All smart people are wary of spells and curses come late October, but this Halloween the world will have an extra thing to keep an eye out for: witches who steal men's penises and keep them as pets.
The most detailed description of witches causing males' genitals to vanish and keep them as strange little pets (who, incidentally, eat grain) can be found in the Malleus Maleficarum, an incredibly sexist guide to witch hunting by Heinrich Kramer. The book is absolute nonsense from start to finish, but that didn't stop society for using it as a justification for killing countless women, each of them scapegoats for their community's deeper problems. It has been described as "one of the most terrifying and obnoxious books ever written."
Folklorist Moira Smith spoke about the connection between witchcraft and female sexuality in her paper, "Penis Theft in the Malleus Maleficarum":
Many of the crimes (maleficia) attributed to witches concerned sexuality: copulation with incubus devils, procuring abortions, causing sterility and stillbirth, and impeding sexual relations between husbands and wives.
It makes a sort of sense, knowing the extreme sexism of the middle ages, that one of the most terrifying things a witch could do was cause a man's penis to stop working or, worse, disappear entirely.

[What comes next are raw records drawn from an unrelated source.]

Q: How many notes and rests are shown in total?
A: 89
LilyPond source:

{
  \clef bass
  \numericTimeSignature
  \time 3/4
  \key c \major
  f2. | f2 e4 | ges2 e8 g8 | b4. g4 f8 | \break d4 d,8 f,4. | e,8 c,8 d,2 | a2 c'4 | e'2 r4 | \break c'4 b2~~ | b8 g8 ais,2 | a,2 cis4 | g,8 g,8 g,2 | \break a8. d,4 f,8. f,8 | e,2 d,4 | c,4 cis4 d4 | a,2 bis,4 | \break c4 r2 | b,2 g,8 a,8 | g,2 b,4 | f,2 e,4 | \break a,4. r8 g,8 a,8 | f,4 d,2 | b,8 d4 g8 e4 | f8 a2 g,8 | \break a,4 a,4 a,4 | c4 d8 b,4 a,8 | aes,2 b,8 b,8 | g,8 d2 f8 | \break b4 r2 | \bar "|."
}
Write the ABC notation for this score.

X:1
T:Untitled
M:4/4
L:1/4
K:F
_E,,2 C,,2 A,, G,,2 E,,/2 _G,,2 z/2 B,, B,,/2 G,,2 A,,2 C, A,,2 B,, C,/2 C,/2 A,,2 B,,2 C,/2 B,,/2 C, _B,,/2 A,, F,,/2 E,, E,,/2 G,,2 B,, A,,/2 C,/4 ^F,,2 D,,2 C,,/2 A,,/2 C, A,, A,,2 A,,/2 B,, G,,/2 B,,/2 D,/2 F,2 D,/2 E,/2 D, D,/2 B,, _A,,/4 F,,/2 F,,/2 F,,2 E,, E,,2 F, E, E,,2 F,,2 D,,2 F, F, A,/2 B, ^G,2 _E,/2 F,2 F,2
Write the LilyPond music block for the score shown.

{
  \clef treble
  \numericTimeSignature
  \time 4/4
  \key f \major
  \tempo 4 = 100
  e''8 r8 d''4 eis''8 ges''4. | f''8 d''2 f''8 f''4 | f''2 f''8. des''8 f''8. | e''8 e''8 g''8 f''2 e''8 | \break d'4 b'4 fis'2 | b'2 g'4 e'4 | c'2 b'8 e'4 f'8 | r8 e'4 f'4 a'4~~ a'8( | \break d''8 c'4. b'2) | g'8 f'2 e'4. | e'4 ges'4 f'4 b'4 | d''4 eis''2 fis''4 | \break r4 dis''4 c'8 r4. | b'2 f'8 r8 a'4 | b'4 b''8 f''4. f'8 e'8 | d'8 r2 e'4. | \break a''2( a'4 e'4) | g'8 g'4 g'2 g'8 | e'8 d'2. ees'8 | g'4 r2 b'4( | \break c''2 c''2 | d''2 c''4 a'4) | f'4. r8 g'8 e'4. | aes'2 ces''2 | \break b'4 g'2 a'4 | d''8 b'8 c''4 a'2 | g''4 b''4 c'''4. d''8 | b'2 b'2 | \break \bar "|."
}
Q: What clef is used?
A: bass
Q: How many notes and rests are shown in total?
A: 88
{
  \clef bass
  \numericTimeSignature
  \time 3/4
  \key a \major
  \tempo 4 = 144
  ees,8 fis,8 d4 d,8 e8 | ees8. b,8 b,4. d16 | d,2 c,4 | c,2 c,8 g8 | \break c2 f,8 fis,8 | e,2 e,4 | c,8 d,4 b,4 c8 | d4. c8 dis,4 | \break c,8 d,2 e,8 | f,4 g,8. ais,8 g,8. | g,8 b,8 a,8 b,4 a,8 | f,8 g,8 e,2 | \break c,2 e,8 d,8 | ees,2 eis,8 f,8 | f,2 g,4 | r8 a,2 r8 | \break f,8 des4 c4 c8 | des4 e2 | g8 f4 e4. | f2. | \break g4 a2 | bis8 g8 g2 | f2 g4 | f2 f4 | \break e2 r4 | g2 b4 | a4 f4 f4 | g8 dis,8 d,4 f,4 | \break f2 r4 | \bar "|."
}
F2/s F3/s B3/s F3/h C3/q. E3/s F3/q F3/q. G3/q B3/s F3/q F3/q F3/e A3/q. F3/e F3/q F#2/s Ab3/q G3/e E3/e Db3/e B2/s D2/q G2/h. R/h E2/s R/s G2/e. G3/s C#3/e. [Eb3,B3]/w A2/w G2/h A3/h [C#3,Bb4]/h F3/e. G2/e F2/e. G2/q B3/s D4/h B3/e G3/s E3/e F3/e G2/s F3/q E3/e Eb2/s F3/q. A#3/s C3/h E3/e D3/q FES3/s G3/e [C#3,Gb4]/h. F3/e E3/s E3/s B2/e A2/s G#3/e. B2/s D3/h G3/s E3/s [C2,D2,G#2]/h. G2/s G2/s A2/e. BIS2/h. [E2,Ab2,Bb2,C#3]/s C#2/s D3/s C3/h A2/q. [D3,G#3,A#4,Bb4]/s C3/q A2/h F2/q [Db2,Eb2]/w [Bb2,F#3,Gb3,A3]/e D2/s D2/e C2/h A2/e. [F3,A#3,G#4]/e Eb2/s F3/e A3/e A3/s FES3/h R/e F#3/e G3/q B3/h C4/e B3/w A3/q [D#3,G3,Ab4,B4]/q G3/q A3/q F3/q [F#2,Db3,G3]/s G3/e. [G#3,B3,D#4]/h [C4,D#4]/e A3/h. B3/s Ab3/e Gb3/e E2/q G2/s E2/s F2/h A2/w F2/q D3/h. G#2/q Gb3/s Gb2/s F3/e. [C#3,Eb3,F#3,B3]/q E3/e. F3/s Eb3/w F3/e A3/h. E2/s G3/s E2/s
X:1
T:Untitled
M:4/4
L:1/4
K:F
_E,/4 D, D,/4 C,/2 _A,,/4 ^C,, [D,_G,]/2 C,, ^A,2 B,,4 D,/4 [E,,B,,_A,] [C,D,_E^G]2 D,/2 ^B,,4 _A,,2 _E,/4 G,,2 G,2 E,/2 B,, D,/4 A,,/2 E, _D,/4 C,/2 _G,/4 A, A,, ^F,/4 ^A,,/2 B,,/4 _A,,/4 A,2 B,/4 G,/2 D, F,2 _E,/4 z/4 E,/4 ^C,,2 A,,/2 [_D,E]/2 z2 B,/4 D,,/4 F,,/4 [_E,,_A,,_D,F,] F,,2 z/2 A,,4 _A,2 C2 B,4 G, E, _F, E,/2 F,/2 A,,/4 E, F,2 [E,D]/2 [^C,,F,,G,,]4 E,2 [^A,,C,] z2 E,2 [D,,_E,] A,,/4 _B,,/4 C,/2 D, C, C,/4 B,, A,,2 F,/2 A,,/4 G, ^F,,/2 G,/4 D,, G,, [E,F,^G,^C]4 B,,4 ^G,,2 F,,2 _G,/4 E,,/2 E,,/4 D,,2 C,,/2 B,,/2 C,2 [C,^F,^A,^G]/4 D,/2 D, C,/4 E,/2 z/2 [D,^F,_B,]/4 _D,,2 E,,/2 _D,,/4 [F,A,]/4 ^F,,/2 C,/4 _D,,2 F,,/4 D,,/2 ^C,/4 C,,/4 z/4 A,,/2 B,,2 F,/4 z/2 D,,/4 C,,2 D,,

Here's how Kramer described what the witches did with the penises after the members were whisked away:
[W]hat shall we think about those witches who somehow take members in large numbers—twenty or thirty—and shut them up together in a birds' nest or some box, where they move about like living members, eating oats or other feed? This has been seen by many and is a matter of common talk. It is said that it is all done by devil's work and illusion, for the senses of those who see [the penises] are deluded in the way we have said.
Kramer even recounted the story of a man who begged a witch for his member back. The witch relented and told him to climb a nearby tree, where he could have his pick of the penises living in a nest within the branches. In the book, which was taken as fact by people of the time and formed the basis of innumerable executions, the man tried to pick a particularly large penis, but was ultimately denied that choice because "it belonged to a parish priest."
It turns out penis trees are a common motif in ancient witchcraft. In fact, some historians believe "the earliest depiction in art of women acting as witches" is a mural from the 13th century that depicts women gathered around a tree filled to the brim with erect penises.
Nowadays, this would be called a "kink," but back then, it was an evil work of magic to be feared.
Kramer summed up his blindingly sexist attitude by explaining:
All witchcraft comes from carnal lust, which in women is insatiable.
In truth, women were blamed for many things for absolutely no reason (and still are, in many cases). If a man was having trouble becoming erect across town, he could claim a local "witch" (see: woman) cast a spell on him, and horrible consequences could befall her.
After hearing stories like that, it almost seems fair for witches to keep some penis pets for a while. But we want them back by November, alright sorceresses?